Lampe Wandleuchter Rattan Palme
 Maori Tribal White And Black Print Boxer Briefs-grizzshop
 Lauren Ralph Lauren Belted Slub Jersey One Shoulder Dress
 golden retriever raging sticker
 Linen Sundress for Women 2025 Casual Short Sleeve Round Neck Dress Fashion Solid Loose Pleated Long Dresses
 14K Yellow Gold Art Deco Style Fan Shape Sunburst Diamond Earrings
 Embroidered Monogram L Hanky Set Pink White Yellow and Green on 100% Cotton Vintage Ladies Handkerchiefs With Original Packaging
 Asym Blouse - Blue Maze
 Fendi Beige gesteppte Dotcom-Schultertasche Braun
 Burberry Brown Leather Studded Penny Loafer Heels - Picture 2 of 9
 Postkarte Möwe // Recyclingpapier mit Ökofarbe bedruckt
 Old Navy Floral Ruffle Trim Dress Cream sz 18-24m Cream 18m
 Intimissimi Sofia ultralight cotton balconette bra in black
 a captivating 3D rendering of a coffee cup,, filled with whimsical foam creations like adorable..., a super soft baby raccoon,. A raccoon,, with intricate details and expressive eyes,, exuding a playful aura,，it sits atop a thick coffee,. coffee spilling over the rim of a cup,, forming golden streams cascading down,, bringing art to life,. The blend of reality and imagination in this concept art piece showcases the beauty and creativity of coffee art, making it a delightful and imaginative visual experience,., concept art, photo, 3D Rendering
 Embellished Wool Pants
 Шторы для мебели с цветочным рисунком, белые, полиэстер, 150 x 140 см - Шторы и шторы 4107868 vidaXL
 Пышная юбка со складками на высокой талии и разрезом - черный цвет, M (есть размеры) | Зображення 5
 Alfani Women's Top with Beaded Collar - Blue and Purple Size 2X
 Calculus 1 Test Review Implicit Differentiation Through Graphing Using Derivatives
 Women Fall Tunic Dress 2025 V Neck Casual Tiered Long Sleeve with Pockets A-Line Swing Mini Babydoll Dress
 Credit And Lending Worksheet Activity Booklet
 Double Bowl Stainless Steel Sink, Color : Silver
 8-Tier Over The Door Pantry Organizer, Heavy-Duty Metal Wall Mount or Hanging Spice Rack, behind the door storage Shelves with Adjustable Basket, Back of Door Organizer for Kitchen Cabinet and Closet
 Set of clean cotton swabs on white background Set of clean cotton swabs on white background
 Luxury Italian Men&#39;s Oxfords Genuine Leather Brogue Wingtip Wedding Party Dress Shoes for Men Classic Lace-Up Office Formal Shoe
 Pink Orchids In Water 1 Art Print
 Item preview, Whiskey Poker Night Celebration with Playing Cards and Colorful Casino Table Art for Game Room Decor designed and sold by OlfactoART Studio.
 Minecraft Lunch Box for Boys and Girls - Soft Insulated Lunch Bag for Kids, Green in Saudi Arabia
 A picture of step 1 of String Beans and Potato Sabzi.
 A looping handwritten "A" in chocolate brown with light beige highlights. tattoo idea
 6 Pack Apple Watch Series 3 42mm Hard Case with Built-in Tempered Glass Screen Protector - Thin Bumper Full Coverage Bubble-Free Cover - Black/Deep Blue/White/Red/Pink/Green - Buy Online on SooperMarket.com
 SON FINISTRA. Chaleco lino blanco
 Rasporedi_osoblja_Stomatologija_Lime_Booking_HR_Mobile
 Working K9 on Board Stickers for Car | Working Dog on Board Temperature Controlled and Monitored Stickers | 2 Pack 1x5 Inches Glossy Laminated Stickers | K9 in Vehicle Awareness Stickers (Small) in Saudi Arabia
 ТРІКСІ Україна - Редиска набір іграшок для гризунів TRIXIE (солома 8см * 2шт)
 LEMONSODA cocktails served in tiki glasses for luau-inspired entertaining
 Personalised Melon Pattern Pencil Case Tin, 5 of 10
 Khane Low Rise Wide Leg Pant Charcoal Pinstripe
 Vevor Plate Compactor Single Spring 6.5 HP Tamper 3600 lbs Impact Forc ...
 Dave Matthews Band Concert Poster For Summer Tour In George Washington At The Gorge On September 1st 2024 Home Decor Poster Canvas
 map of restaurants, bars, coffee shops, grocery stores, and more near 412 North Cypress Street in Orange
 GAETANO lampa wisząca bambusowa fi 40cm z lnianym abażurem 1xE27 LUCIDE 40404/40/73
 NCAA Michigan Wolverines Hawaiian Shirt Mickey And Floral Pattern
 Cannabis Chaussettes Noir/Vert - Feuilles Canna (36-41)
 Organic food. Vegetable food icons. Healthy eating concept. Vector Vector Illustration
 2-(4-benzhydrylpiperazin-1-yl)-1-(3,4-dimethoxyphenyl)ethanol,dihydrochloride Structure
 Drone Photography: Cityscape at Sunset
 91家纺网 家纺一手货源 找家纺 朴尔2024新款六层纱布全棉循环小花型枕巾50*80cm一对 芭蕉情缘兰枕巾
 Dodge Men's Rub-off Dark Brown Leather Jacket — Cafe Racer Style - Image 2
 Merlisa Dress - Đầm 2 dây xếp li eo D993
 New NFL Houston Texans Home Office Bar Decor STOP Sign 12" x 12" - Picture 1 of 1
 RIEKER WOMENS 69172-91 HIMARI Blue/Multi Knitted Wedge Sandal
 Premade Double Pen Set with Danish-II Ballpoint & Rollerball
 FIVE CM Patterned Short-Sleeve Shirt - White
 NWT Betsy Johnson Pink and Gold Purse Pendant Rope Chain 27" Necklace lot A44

+--

◆ REQUIRED ACTION
Copy out the lines above exactly, beginning at the one that contains "Working K9 on" and ending at the one that contains "Vevor Plate Compactor".

◆ RESPONSE AREA
 Working K9 on Board Stickers for Car | Working Dog on Board Temperature Controlled and Monitored Stickers | 2 Pack 1x5 Inches Glossy Laminated Stickers | K9 in Vehicle Awareness Stickers (Small) in Saudi Arabia
 ТРІКСІ Україна - Редиска набір іграшок для гризунів TRIXIE (солома 8см * 2шт)
 LEMONSODA cocktails served in tiki glasses for luau-inspired entertaining
 Personalised Melon Pattern Pencil Case Tin, 5 of 10
 Khane Low Rise Wide Leg Pant Charcoal Pinstripe
 Vevor Plate Compactor Single Spring 6.5 HP Tamper 3600 lbs Impact Forc ...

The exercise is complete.